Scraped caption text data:
═══
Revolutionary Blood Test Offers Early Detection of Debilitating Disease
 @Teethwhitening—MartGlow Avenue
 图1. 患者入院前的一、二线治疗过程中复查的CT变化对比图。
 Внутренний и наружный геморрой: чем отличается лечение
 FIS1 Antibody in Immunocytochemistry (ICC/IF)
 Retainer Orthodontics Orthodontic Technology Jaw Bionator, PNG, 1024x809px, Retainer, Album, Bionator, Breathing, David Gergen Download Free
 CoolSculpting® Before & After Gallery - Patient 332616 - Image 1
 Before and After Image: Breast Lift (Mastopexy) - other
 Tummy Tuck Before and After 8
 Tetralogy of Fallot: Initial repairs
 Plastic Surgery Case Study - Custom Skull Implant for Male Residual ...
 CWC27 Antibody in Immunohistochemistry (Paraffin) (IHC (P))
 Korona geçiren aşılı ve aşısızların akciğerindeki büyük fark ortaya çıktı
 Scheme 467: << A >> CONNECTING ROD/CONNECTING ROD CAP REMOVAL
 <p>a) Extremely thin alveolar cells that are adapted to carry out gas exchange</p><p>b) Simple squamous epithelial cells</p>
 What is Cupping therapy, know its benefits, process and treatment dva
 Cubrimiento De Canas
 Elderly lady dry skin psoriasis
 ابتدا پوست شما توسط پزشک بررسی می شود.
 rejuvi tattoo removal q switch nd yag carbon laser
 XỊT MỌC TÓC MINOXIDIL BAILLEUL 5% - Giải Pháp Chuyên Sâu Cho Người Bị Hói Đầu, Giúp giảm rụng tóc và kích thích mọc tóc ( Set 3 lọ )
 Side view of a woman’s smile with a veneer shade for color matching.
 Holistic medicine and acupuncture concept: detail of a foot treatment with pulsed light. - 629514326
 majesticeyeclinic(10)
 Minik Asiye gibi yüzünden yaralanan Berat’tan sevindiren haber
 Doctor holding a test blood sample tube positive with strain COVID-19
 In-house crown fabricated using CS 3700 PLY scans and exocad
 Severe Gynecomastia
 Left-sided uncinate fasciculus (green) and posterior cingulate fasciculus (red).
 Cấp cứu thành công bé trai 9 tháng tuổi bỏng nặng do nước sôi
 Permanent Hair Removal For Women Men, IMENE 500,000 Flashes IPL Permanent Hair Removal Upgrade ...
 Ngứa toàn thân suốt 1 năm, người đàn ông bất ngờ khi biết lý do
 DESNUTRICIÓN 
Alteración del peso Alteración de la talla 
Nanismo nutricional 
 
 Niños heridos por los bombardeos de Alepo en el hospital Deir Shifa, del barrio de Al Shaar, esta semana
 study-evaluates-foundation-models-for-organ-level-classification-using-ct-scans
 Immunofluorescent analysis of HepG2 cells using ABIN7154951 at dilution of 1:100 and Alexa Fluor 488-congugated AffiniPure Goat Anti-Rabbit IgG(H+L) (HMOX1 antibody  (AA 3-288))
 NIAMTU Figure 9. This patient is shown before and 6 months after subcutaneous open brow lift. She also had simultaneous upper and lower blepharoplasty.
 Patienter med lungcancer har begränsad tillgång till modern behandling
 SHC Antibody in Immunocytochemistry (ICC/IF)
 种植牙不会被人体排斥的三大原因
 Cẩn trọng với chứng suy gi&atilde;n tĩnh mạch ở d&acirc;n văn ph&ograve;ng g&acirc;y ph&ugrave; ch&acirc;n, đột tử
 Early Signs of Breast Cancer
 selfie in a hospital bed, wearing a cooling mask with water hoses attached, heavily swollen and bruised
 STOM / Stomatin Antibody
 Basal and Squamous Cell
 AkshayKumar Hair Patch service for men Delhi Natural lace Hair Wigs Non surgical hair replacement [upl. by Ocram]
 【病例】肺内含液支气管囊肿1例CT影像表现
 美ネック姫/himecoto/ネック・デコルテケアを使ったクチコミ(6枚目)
═══
> WHAT YOU WILL DO
The lines needed run from the first line of the data through the line containing "Nanismo nutricional"; give them again exactly and nothing else.

> ANSWER BELOW
Revolutionary Blood Test Offers Early Detection of Debilitating Disease
 @Teethwhitening—MartGlow Avenue
 图1. 患者入院前的一、二线治疗过程中复查的CT变化对比图。
 Внутренний и наружный геморрой: чем отличается лечение
 FIS1 Antibody in Immunocytochemistry (ICC/IF)
 Retainer Orthodontics Orthodontic Technology Jaw Bionator, PNG, 1024x809px, Retainer, Album, Bionator, Breathing, David Gergen Download Free
 CoolSculpting® Before & After Gallery - Patient 332616 - Image 1
 Before and After Image: Breast Lift (Mastopexy) - other
 Tummy Tuck Before and After 8
 Tetralogy of Fallot: Initial repairs
 Plastic Surgery Case Study - Custom Skull Implant for Male Residual ...
 CWC27 Antibody in Immunohistochemistry (Paraffin) (IHC (P))
 Korona geçiren aşılı ve aşısızların akciğerindeki büyük fark ortaya çıktı
 Scheme 467: << A >> CONNECTING ROD/CONNECTING ROD CAP REMOVAL
 <p>a) Extremely thin alveolar cells that are adapted to carry out gas exchange</p><p>b) Simple squamous epithelial cells</p>
 What is Cupping therapy, know its benefits, process and treatment dva
 Cubrimiento De Canas
 Elderly lady dry skin psoriasis
 ابتدا پوست شما توسط پزشک بررسی می شود.
 rejuvi tattoo removal q switch nd yag carbon laser
 XỊT MỌC TÓC MINOXIDIL BAILLEUL 5% - Giải Pháp Chuyên Sâu Cho Người Bị Hói Đầu, Giúp giảm rụng tóc và kích thích mọc tóc ( Set 3 lọ )
 Side view of a woman’s smile with a veneer shade for color matching.
 Holistic medicine and acupuncture concept: detail of a foot treatment with pulsed light. - 629514326
 majesticeyeclinic(10)
 Minik Asiye gibi yüzünden yaralanan Berat’tan sevindiren haber
 Doctor holding a test blood sample tube positive with strain COVID-19
 In-house crown fabricated using CS 3700 PLY scans and exocad
 Severe Gynecomastia
 Left-sided uncinate fasciculus (green) and posterior cingulate fasciculus (red).
 Cấp cứu thành công bé trai 9 tháng tuổi bỏng nặng do nước sôi
 Permanent Hair Removal For Women Men, IMENE 500,000 Flashes IPL Permanent Hair Removal Upgrade ...
 Ngứa toàn thân suốt 1 năm, người đàn ông bất ngờ khi biết lý do
 DESNUTRICIÓN 
Alteración del peso Alteración de la talla 
Nanismo nutricional 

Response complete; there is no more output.